Task details:
Produce a faithful copy of the data, one that leaves out the pictures.

[Start of section]

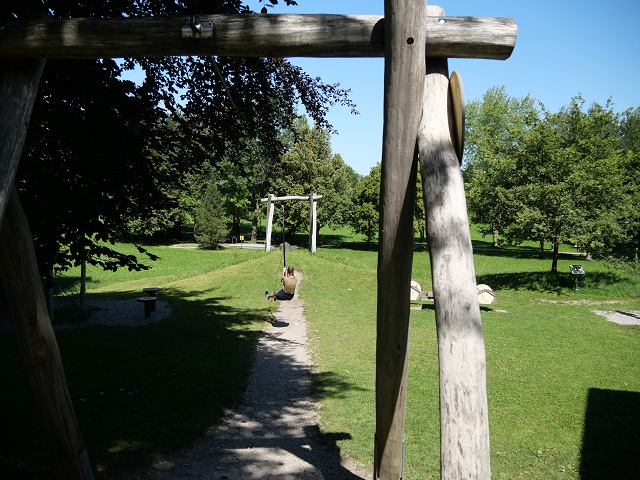 Seilrutsche auf dem Bienenspielplatz in Seeg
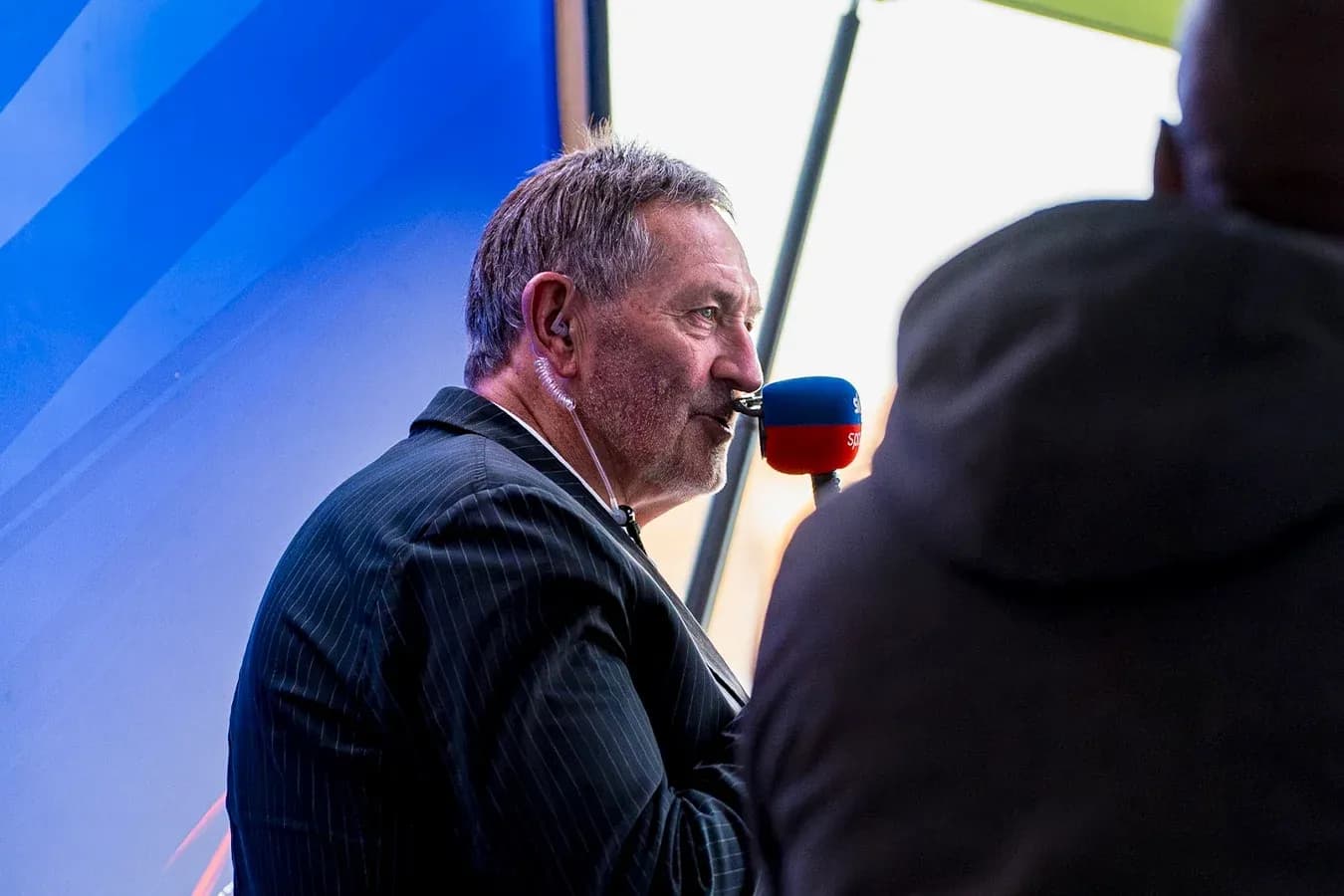 Hombre con micrófono hablando en un evento deportivo
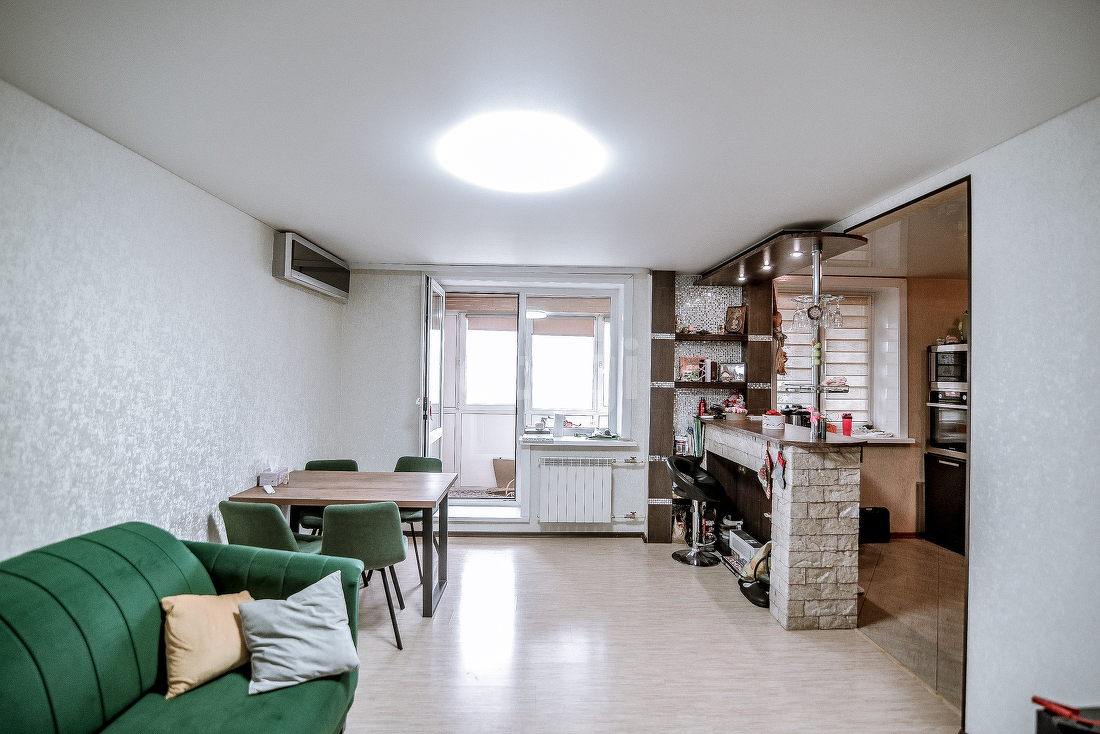 Продажа 3-комнатной квартиры, Южно-Сахалинск, Сахалинская область,  Южно-Сахалинск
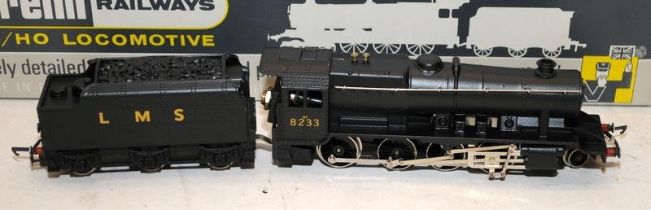 Wrenn OO/HO gauge locomotive 2-8-0 LMS Freight ref:2225A. Boxed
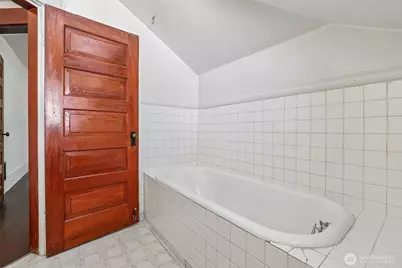 929 13th Avenue E, Seattle, WA 98102 - Photo 31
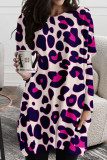 Vestidos irregulares preto branco com estampa de leopardo patchwork com decote em bico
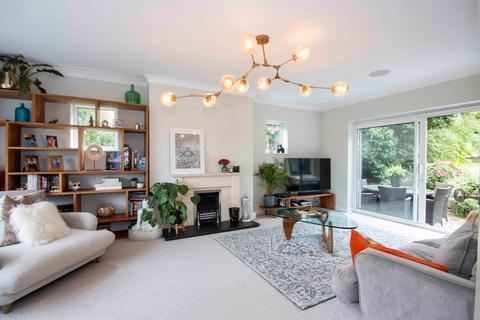 4 bedroom detached house for sale, Berks Hill, Chorleywood, WD3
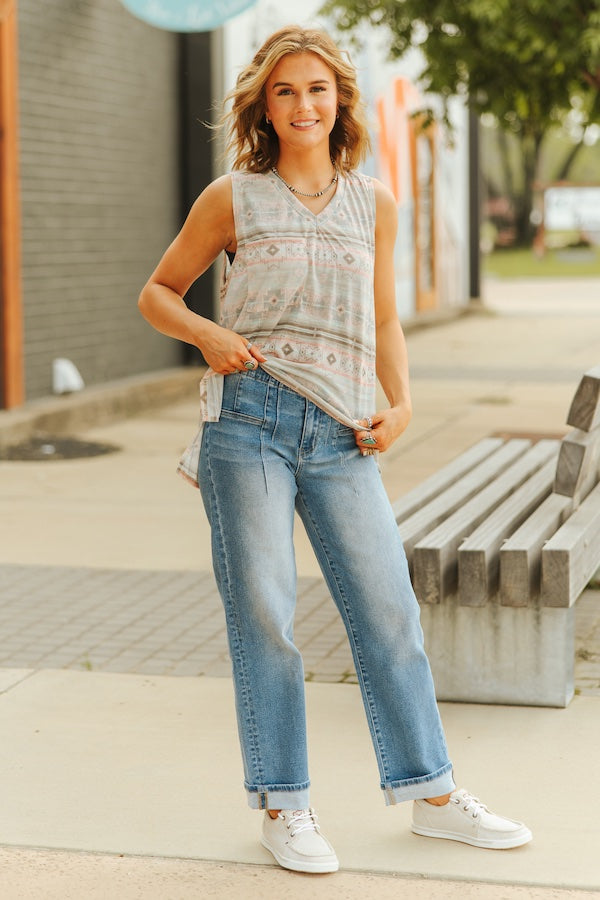 Mid Wash High Rise Pocket Detailed Cuffed Boyfriend Jeans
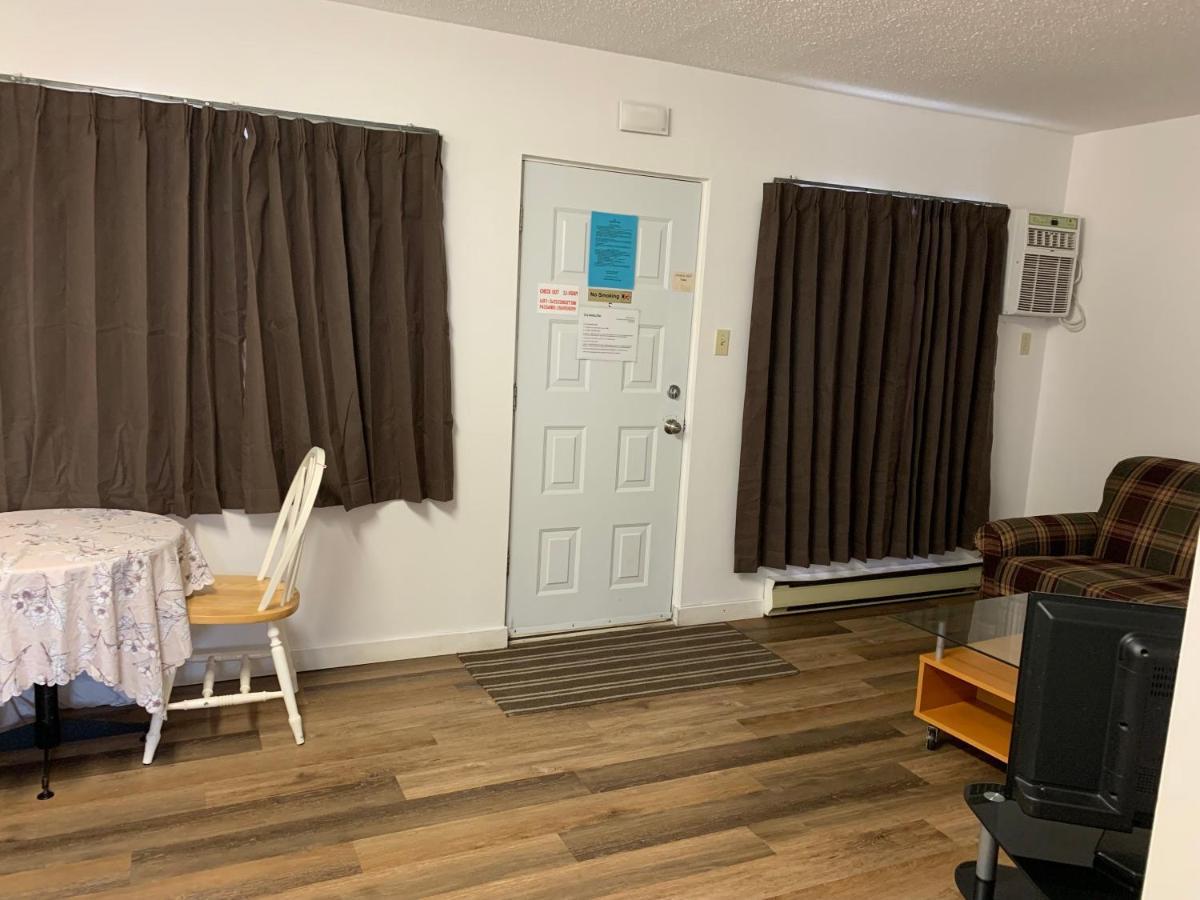 Swiss Sunset Inn Penticton Kültér fotó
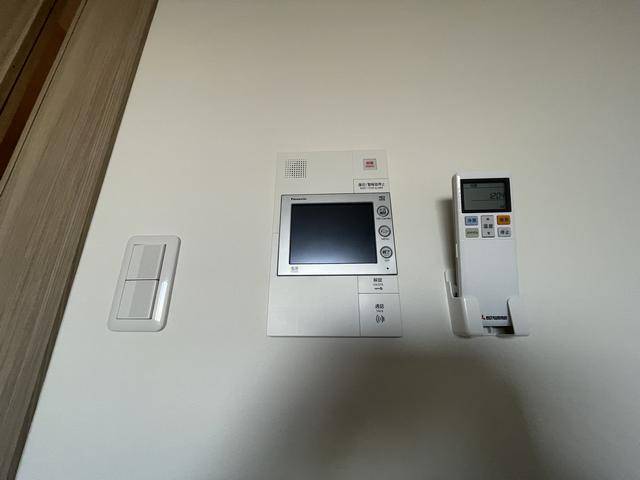 セキュリティ　モニター付きインターホンです。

[End of section]

Answer area:
 Seilrutsche auf dem Bienenspielplatz in Seeg
 Hombre con micrófono hablando en un evento deportivo
 Продажа 3-комнатной квартиры, Южно-Сахалинск, Сахалинская область,  Южно-Сахалинск
 Wrenn OO/HO gauge locomotive 2-8-0 LMS Freight ref:2225A. Boxed
 929 13th Avenue E, Seattle, WA 98102 - Photo 31
 Vestidos irregulares preto branco com estampa de leopardo patchwork com decote em bico
 4 bedroom detached house for sale, Berks Hill, Chorleywood, WD3
 Mid Wash High Rise Pocket Detailed Cuffed Boyfriend Jeans
 Swiss Sunset Inn Penticton Kültér fotó
 セキュリティ　モニター付きインターホンです。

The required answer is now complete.